2️⃣ Immediate Values:

In AT&T syntax, immediate values are prefixed with a dollar sign ($). Hexadecimal values are written with a 0x prefix, similar to C programming language syntax. Decimal values are also prefixed with a dollar sign but do not have any additional suffix.

Example:

movl $0xFF, %eax   ; Move the immediate value 0xFF to EAX
Hexadecimal Values:
movl $0xFF, %eax   ; Move the hexadecimal value 0xFF into EAX
movl $0x1234, %ebx ; Move the hexadecimal value 0x1234 into EBX
Decimal Values:
movl $255, %eax    ; Move the decimal value 255 into EAX
movl $4660, %ebx   ; Move the decimal value 4660 into EBX

3️⃣ Register Naming:

In AT&T syntax, registers are always prefixed with a percent sign (%). This prefix distinguishes register names from other operands and constants within the code. The actual register names remain the same, but the % prefix must be used consistently.

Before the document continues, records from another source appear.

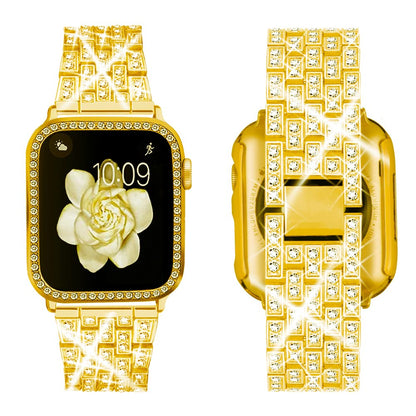 Supoix Compatible with Apple Watch Band 38mm 40mm 41mm 42mm 44mm 45mm 46mm 49mm+ Case, Women Jewelry Bling Diamond Rhinestone Replacement Metal Bands & 2 Pack PC Protector Case for iWatch Ultra 2/ Ultra Series 10/9/8/7/6/5/4/3/2/1/SE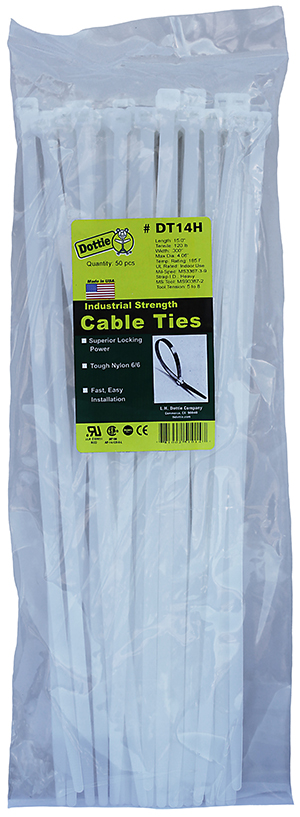 Heavy Duty Cable Ties, 0.3 in. width, 15.09 in. length, 0.076 in. thickness, 4.06 in. bundle diameter, Nylon material, Natural, 120 lb. tensile strength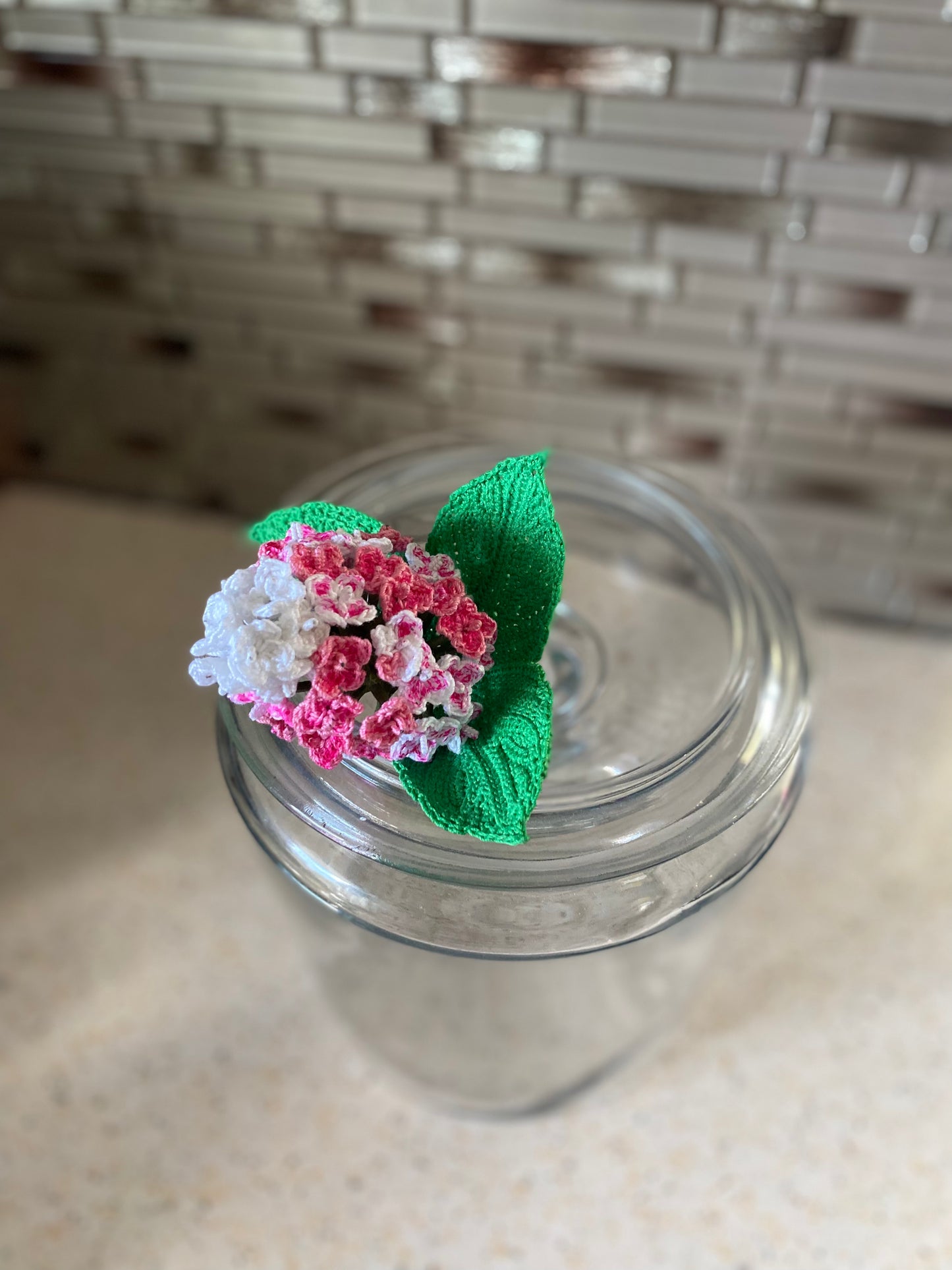 Crochet Vanilla Strawberry Hydrangea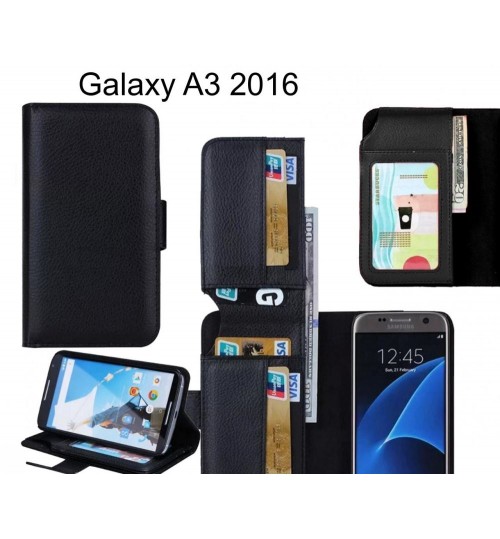 Galaxy A3 2016 Case Leather Wallet Case Cover - Black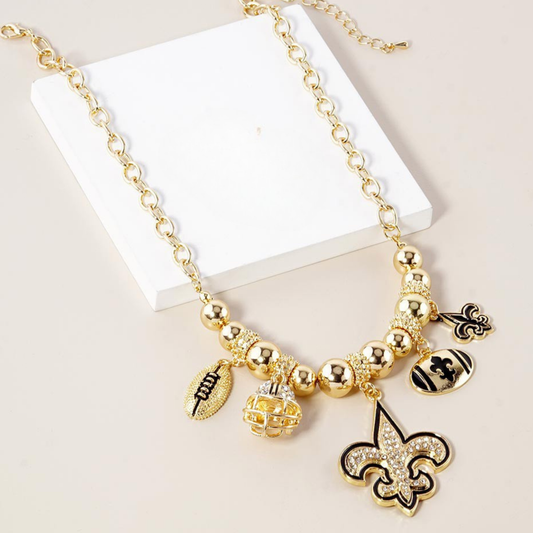 Fleur de Lis Football Charm Necklace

Here are the common register names in AT&T syntax:

  • General Purpose Registers:
    • 8-bit: %al, %bl, %cl, %dl, %ah, %bh, %ch, %dh
    • 16-bit: %ax, %bx, %cx, %dx, %si, %di, %bp, %sp
    • 32-bit: %eax, %ebx, %ecx, %edx, %esi, %edi, %ebp, %esp
    • 64-bit: %rax, %rbx, %rcx, %rdx, %rsi, %rdi, %rbp, %rsp, %r8-%r15
  • Segment Registers: %cs, %ds, %es, %fs, %gs, %ss
  • Instruction Pointer: %eip (32-bit), %rip (64-bit)
  • Flags Register: %eflags (32-bit), %rflags (64-bit)
Move a value into a register:
movl $0x10, %eax   ; Move the immediate value 0x10 into EAX
movb $0xFF, %al    ; Move the immediate value 0xFF into AL
movq $0x1234, %rax ; Move the immediate value 0x1234 into RAX
Move a value between registers:
movl %eax, %ebx    ; Move the value in EAX to EBX
movb %al, %bl      ; Move the value in AL to BL
movq %rax, %rbx    ; Move the value in RAX to RBX

4️⃣ Memory Addressing:

In AT&T syntax, memory operands are enclosed in parentheses (()), and the format for memory addressing is slightly different. The general pattern is:

displacement(base, index, scale)

Where:

  • displacement: A constant value
  • base: A base register
  • index: An index register
  • scale: A scaling factor (1, 2, 4, or 8)

Examples:

  • Simple Addressing:
movl (%ebx), %eax      ; Move the value at the memory address stored in EBX into EAX

movl %ebx, (%eax)      ; Move the value in EBX to the memory address stored in EAX
  • Complex Addressing:
movl 4(%ebx), %eax     ; Move the value at the memory address (EBX + 4) into EAX

movl (%ebx,%ecx,2), %eax ; Move the value at the memory address (EBX + ECX * 2) into EAX

movl 8(%ebx,%ecx,2), %eax ; Move the value at the memory address (EBX + ECX * 2 + 8) into EAX

5️⃣ Operand Sizes:

In AT&T syntax, the size of the operand is specified using suffixes on the instruction mnemonic. The suffixes used are b for byte, w for word, l for long (double word), q for quad word.

Byte (8 bits):
movb $0xFF, (%eax)  ; Move the byte value 0xFF to the memory location pointed by EAX
Word (16 bits):
movw $0xFFFF, (%eax)  ; Move the word value 0xFFFF to the memory location pointed by EAX
Double Word (32 bits):
movl $0xFFFFFFFF, (%eax)  ; Move the double word value 0xFFFFFFFF to the memory location pointed by EAX
Quad Word (64 bits):
movq $0xFFFFFFFFFFFFFFFF, (%rax)  ; Move the quad word value 0xFFFFFFFFFFFFFFFF to the memory location pointed by RAX

6️⃣ Segment Overrides:

When accessing memory, segment overrides are used to specify a segment register other than the default.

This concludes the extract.